▶ [Provided data]:
►
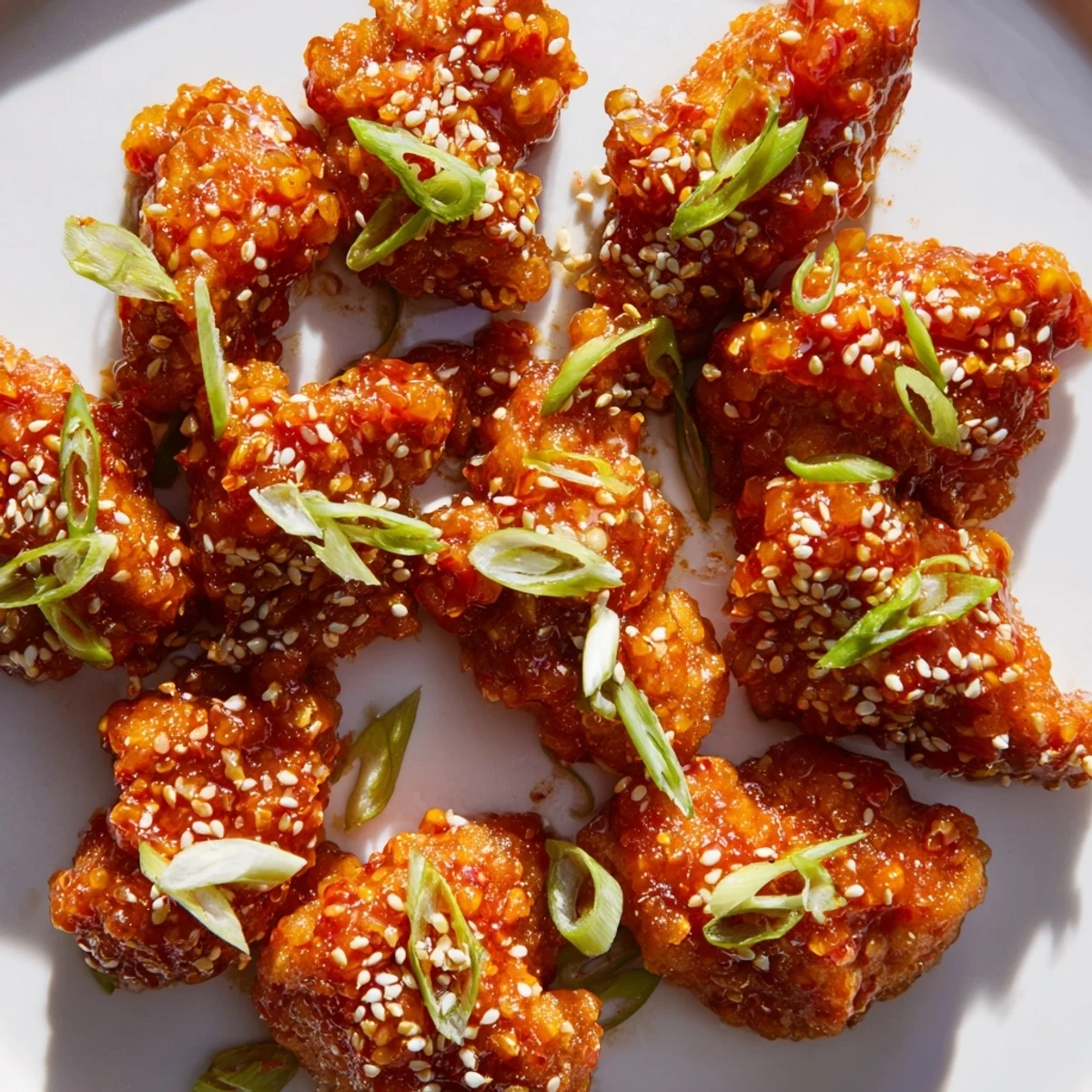 Plate of sticky sweet chili chicken garnished with green onions and sesame seeds over white rice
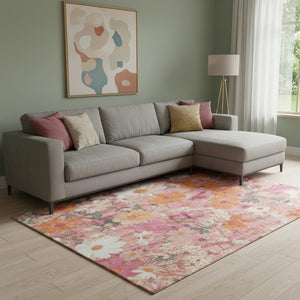 HomeRoots 8' Blush Orange & Ivory Floral Washable Area Rug with UV Protection for Stylish, Durable Living Spaces 694102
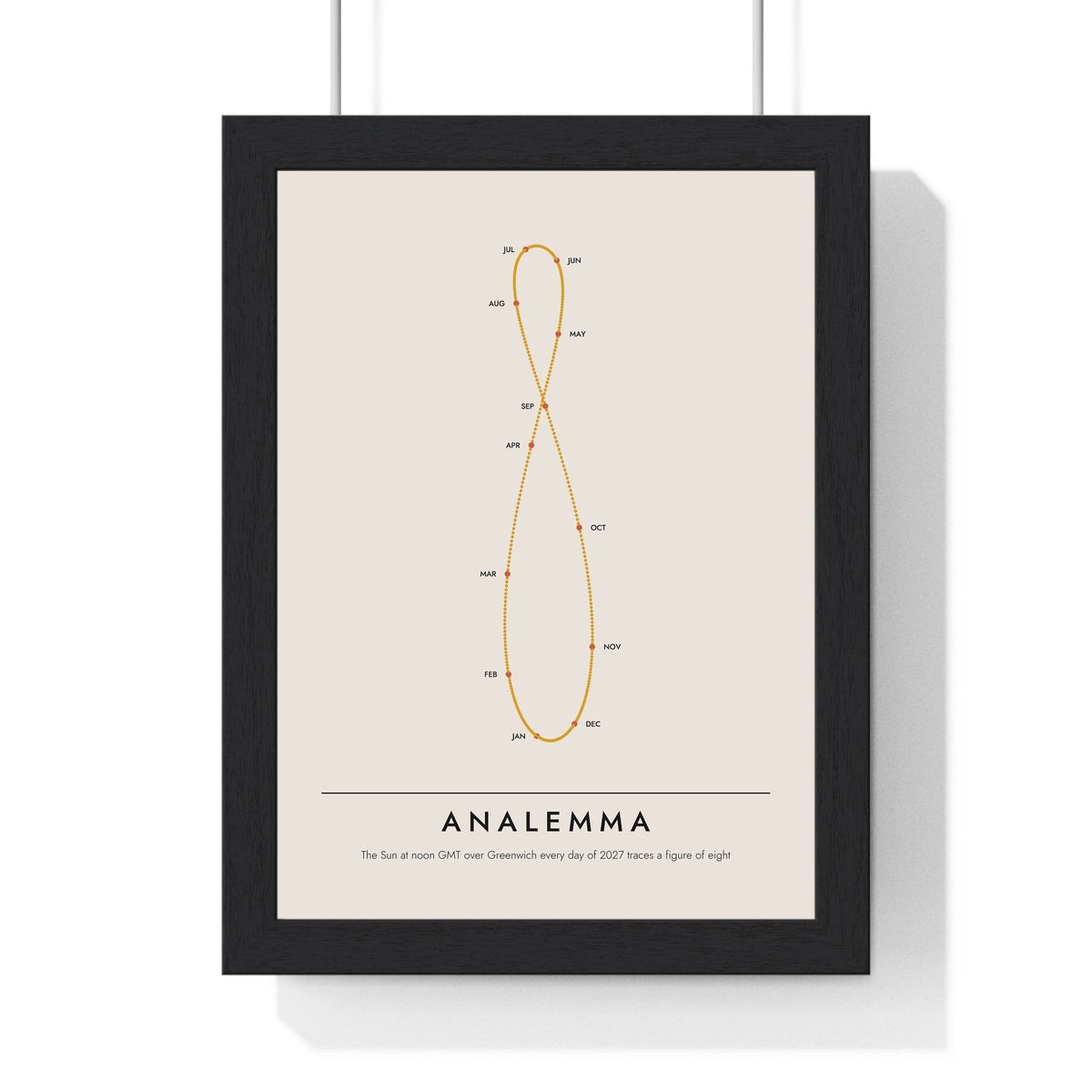 Analemma print framed in a black frame, ready to hang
◄
▶ [Work to complete]:
Would you return the material above exactly, apart from its pictures?

▶ [Exercise output]:
 Plate of sticky sweet chili chicken garnished with green onions and sesame seeds over white rice
 HomeRoots 8' Blush Orange & Ivory Floral Washable Area Rug with UV Protection for Stylish, Durable Living Spaces 694102
 Analemma print framed in a black frame, ready to hang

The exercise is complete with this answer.